*Assigned task*: Return all the lines below exactly. Any picture among them is omitted.

*Given material*:
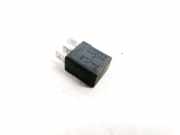 Relais Fiat Stilo, 2001.10 - 2007.01 46520421,A727
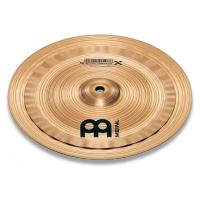 Meinl Generation-X 10/12" Stack Zil (Çift)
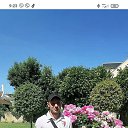 ���� ����, �����, 41 ��� - ��������� 24 ������ 2023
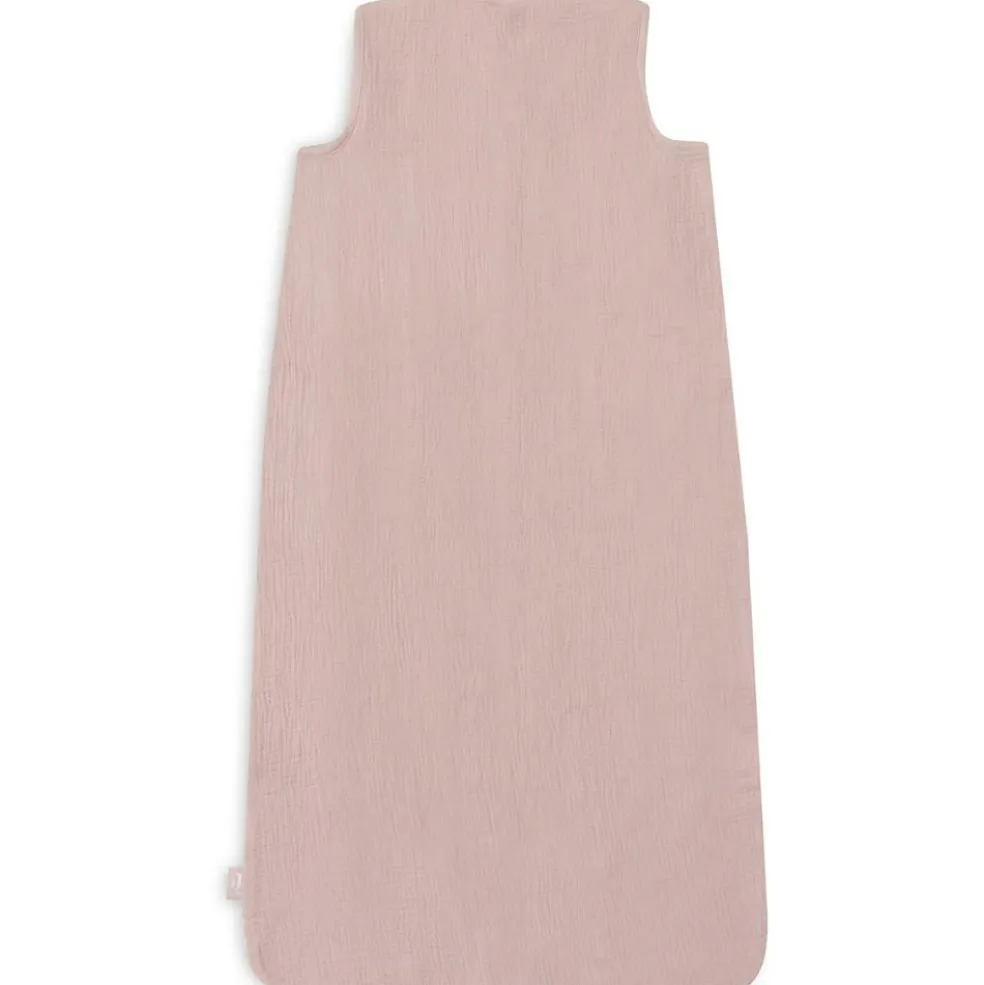 Gigoteuse légère en gaze de coton Wild Rose TOG 0,5 (18-24 mois)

*Solution to this exercise*:
 Relais Fiat Stilo, 2001.10 - 2007.01 46520421,A727
 Meinl Generation-X 10/12" Stack Zil (Çift)
 ���� ����, �����, 41 ��� - ��������� 24 ������ 2023
 Gigoteuse légère en gaze de coton Wild Rose TOG 0,5 (18-24 mois)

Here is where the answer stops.